Peak I and Peak II were originally jointly developed by Tee Land and TG Development in a 27-73 joint venture; last year, this JV was dissolved with Tee Land exchanging its entitlement in Peak II for TG's entitlement in Peak I.

Since the inception of the enhanced scheme this year, 11 of some 17 balance units at Peak I have been sold while 56 of the 60 units at Peak II have been sold. But it is unclear if any of these options have been reassigned to someone else, though some agents say that none has taken place.

Lippo Group has also introduced a similar "enhanced deferred payment scheme" for Marina Collection on Sentosa, but with a 30 per cent downpayment instead of 20 per cent. So far, two units have been sold under the scheme, according to agents.

With the exception of Peak I that comes under qualifying certificate (QC) conditions, the other above-mentioned projects are not constrained by QC conditions or the remission clawback on additional buyer's stamp duty (ABSD) to sell out within a certain period.

But evidently, the possibilities are aplenty under private treaties for delicensed projects, for which developers have found ways to revive schemes that have been abolished for uncompleted projects (the government disallowed deferred payment schemes for uncompleted projects since 2007).

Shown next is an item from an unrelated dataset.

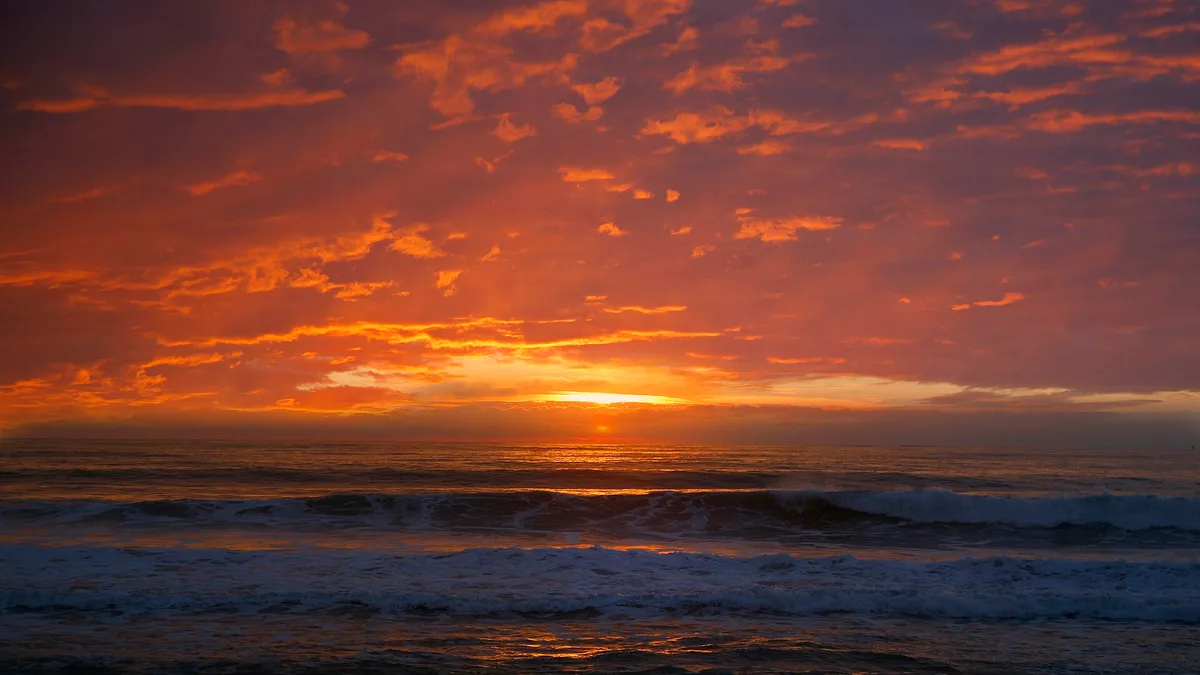 Half Moon Bay Beach in Saudi Arabia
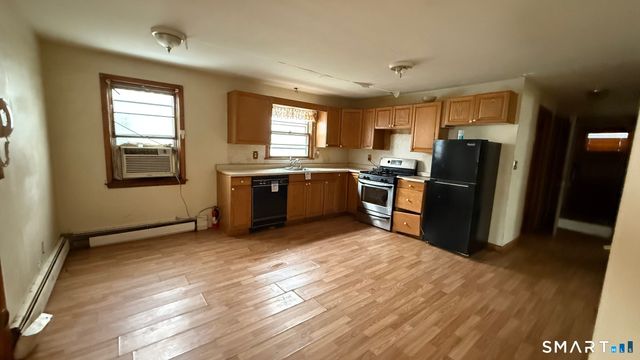 147 Trumbull Avenue, Bridgeport, CT 06606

There are about 2,031 completed unsold units as of end-2016, out of the total 21,102 unsold private residential units. Deferred payment schemes are, however, not without risks for developers themselves. Besides straining their balance sheets, they may end up holding onto the unsold units and still incur the attendant charges under QC and ABSD if buyers choose to let the options lapse.

Urgency

But the strong response to OUE Twin Peaks' deferred payment scheme early last year has prompted other developers to do likewise for their projects. Wheelock Properties introduced a similar scheme at Ardmore Three last year; CapitaLand rolled out its own version of a deferred payment scheme, known as the stay-then-pay programme, at two mega projects, d'Leedon and The Interlace last year, and later on introduced it for Sky Habitat this year.

Developers that are faced with looming deadlines to sell out their projects under the conditions of QCs and ABSD have greater urgency to delicense their projects to have more flexibility to sell under private treaty, other than to apply steep discounts to move inventory. This urgency will become stronger now that the tax loophole which allows them to sell residential units in bulk through sale of shares in the holding entities has been plugged. Since March 11, the government introduced additional conveyance duties or ACD on such share transfers to mirror the stamp duties on direct residential transactions.

But for all intents and purposes, creative payment schemes are deemed inessential if developers have priced their projects realistically to begin with.